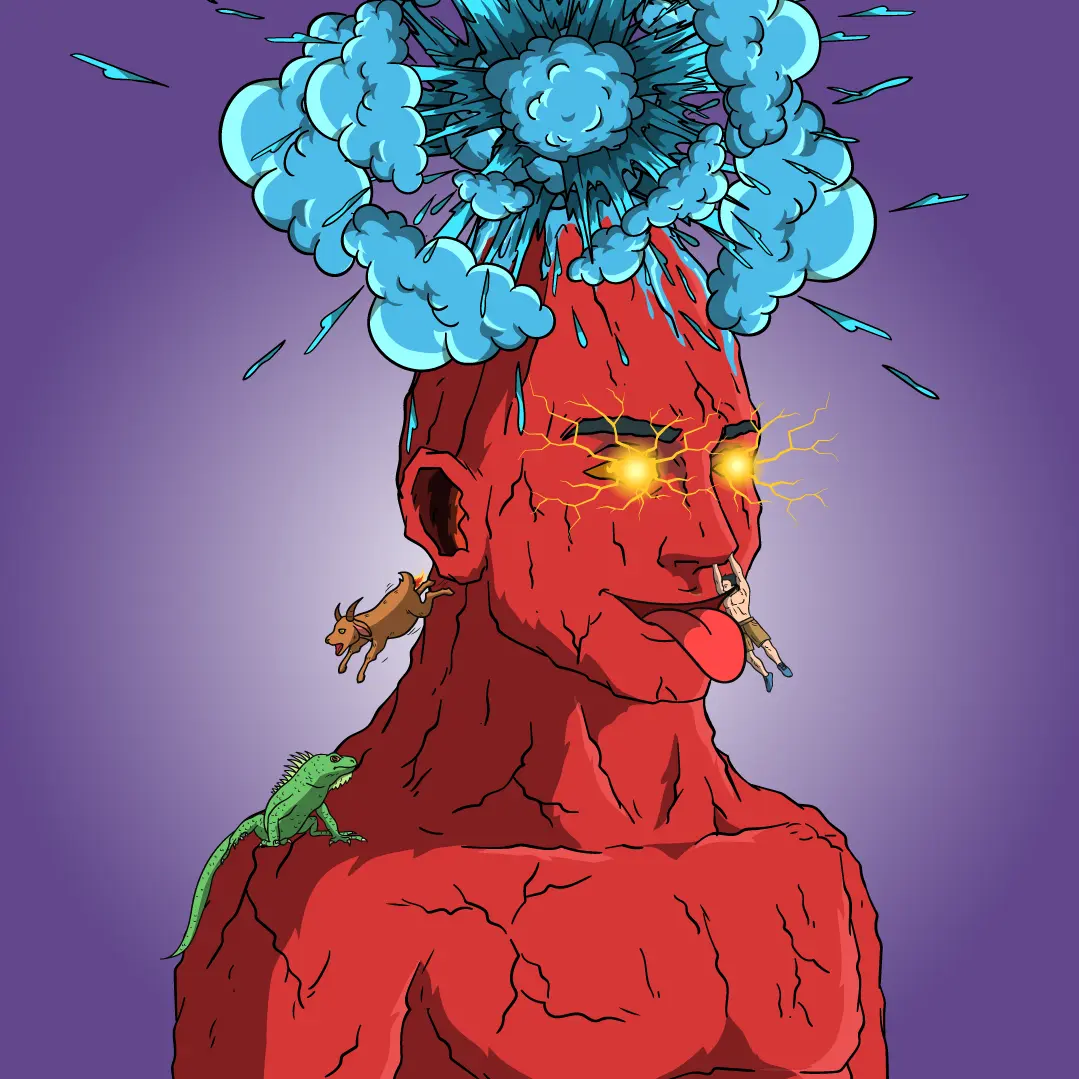 Volcano Boyz #1350 NFT on Algorand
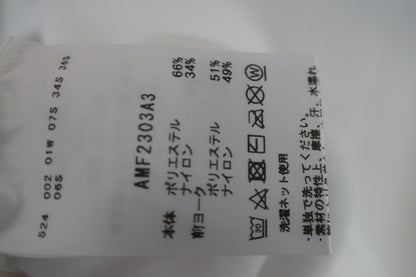 and per se(アンパスィ) ニットスニード 白 メンズ M AMF2303A3 A-8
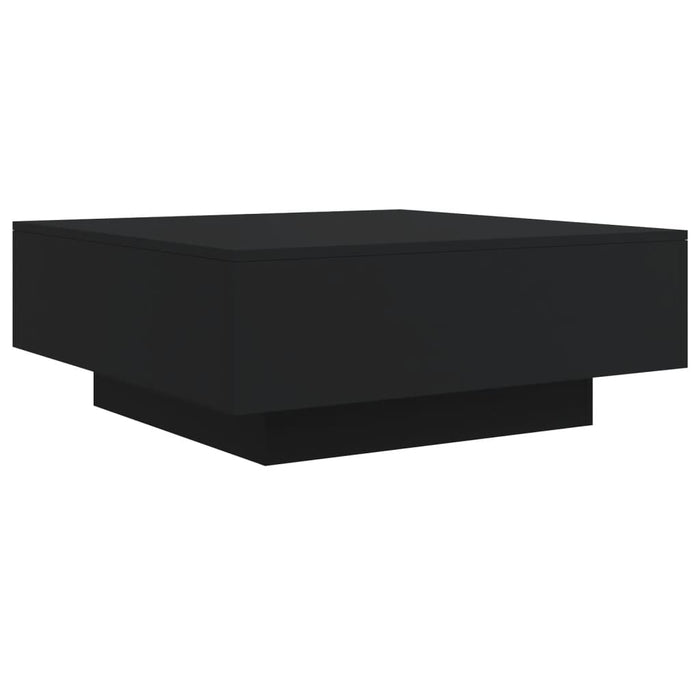 Coffee Table With Led Lights Black 80X80X31 Cm Ntlpnk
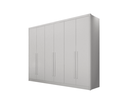 Ver imagem 1 de Guarda Roupa Casal 6 Portas 8 Gavetas - Himalaia-branco - Móveis Novo Horizonte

Exercise:
Excluding pictures, reproduce the listing above exactly as it stands.

Written solution:
 Volcano Boyz #1350 NFT on Algorand
 and per se(アンパスィ) ニットスニード 白 メンズ M AMF2303A3 A-8
 Coffee Table With Led Lights Black 80X80X31 Cm Ntlpnk
 Ver imagem 1 de Guarda Roupa Casal 6 Portas 8 Gavetas - Himalaia-branco - Móveis Novo Horizonte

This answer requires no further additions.